The machinery maker blamed the sluggish U.S. market. The firm filed a closing notice with the government Sept. 18, then issued a news release Sept. 25.
``We are moving screws, barrels, nonreturn valves and other small components that were made there into the Strongsville plant,'' said Bill Carteaux, president and chief executive officer.
The Fountain Inn factory will close Dec. 31. Employees are getting a ``stay put'' bonus to encourage them to remain at work through the end, as the company builds inventory before switching to screw manufacturing in Strongsville.
Demag Plastics Group also has provided severance packages and outplacement assistance.
Calling the Fountain Inn employees ``extremely hard-working men and women,'' Carteaux said the company regrets having to close the facility. ``These people have bent over backwards to do the things we asked them to do to salvage that plant,'' he said.
But the U.S. injection molding machine market remains at about half the level of three years ago, Carteaux said. ``Many molders who purchase injection molding machines have closed or relocated outside the U.S. The market situation is not expected to improve,'' he said.
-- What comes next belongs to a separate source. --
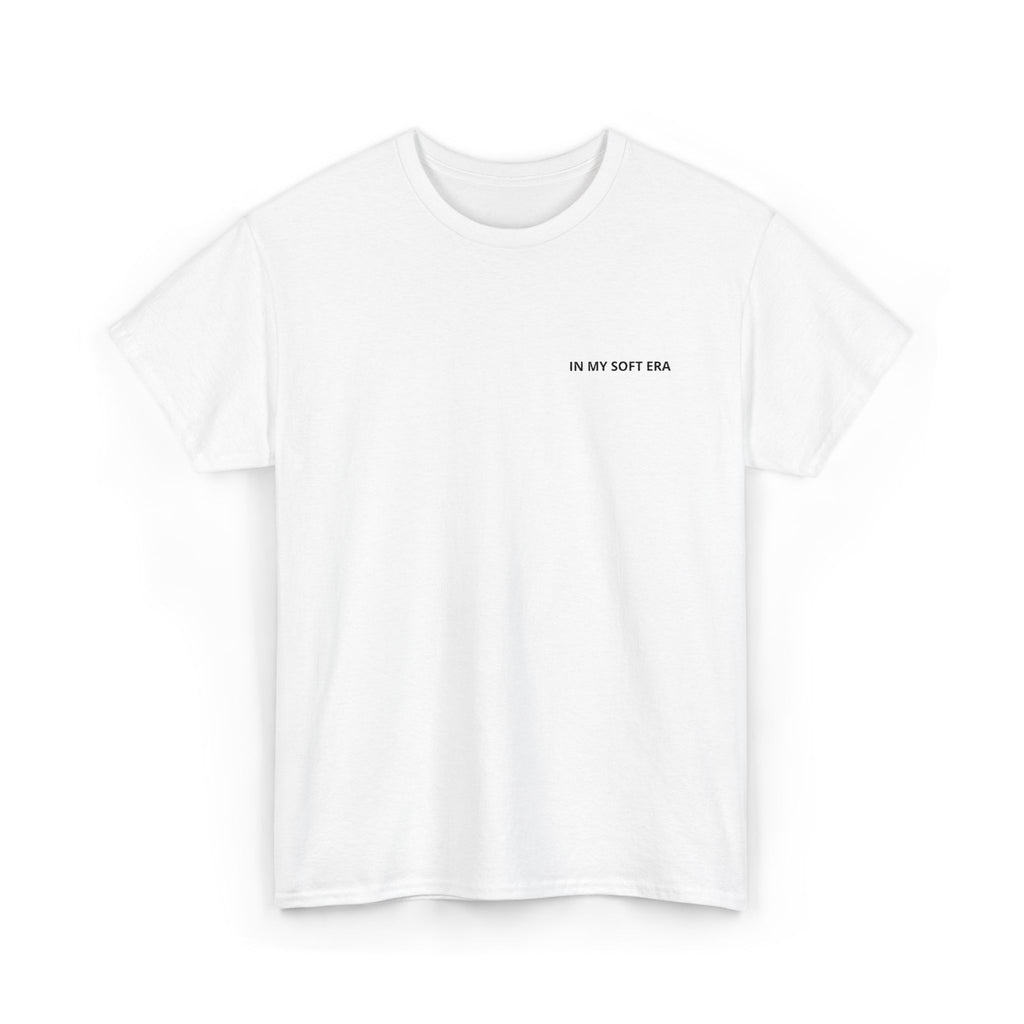 Minimal "In My Soft Era" Tee — Casual White Graphic T-Shirt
Van Dorn Demag and its German-based sister company, Demag Ergotech, became a single company late last year, called Demag Plastics Group. Even before the official merger, the two injection press makers had cooperated as sister companies under their parent, Mannesmann Plastics Machinery AG of Munich.
Carteaux said the Strongsville factory freed up space through lean manufacturing and kaizen programs, which allowed the company to move out some old metalworking equipment. He said Strongsville will add some employees when the screw operation moves to Ohio.
Van Dorn does buy some specialty screws and barrels from outside suppliers, but Carteaux said having in-house production is important for his company, and all of MPM.
Meanwhile, as previously reported, the company is close to finalizing the sale of another South Carolina operation, a factory in Duncan that employs 24, machining parts such as toggle components, platens and some items for injection units.
``We do have a letter of intent,'' Carteaux said by telephone Sept. 25. He declined to name the buyer, but said the new owner will continue machining those components for Van Dorn presses and will work for other customers.
``We do have a long-term supply agreement with them,'' he said.
Carteaux said demand from the Van Dorn-brand presses alone was not enough to fill capacity in Duncan.